Yang Mei (楊美 (Yáng Měi), 1560s – c. 1601) was a Chinese courtesan of the Ming dynasty who also performed kunqu on stage. She was very close to the writer Mei Dingzuo.

==Relationships==
Her private quarter in Nanjing was called the Flowing Waves Pavilion (Liubo guan 流波館), and the Jinling Poetry Society often gathered there. Mei Dingzuo wrote at least eight poems that mentioned the name "Flowing Waves" either in its title or its text. Their contents suggest an intimate relationship between him and Yang. Several of the poems mention another friend Wu Jiadeng (吳稼竳) who was present in the gatherings.
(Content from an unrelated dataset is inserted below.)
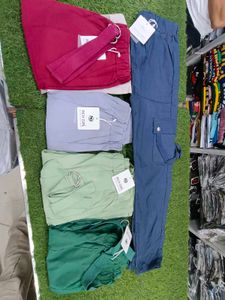 Green Cargo Pants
Wu wrote a poem in her memory after her death. Zang Maoxun and Wu Zhao (吳兆) also wrote about some of the gatherings at the Flowing Waves Pavilion.

==Acting==
The Flowing Waves Pavilion often featured theatre performances. Yang Mei was considered a dedicated actress: when she played Ru Ji in Stealing the Seal (竊符), she would prostrate herself on the cold floor for a long time even on snowy days. The theatre critic Pan Zhiheng once ranked Yang Mei the highest among seven prominent courtesan-actresses:

Skill is the strong point of Jiang Liu (蔣六) and Wang Jie (王節), but intelligence is their weak point. Yu Si (宇四) and Gu Yun (顧筠) have intelligence, but lack style. Gu San (顧三) and Chen Qi (陳七) excel in style, but come short in skill. The only one who claims all three of these credits is Yang Mei [who] has not yet gained complete control of leading acting.

According to Pan, Yu Si once violated her family's midnight curfew — she snuck out of the house — just to watch Yang Mei perform.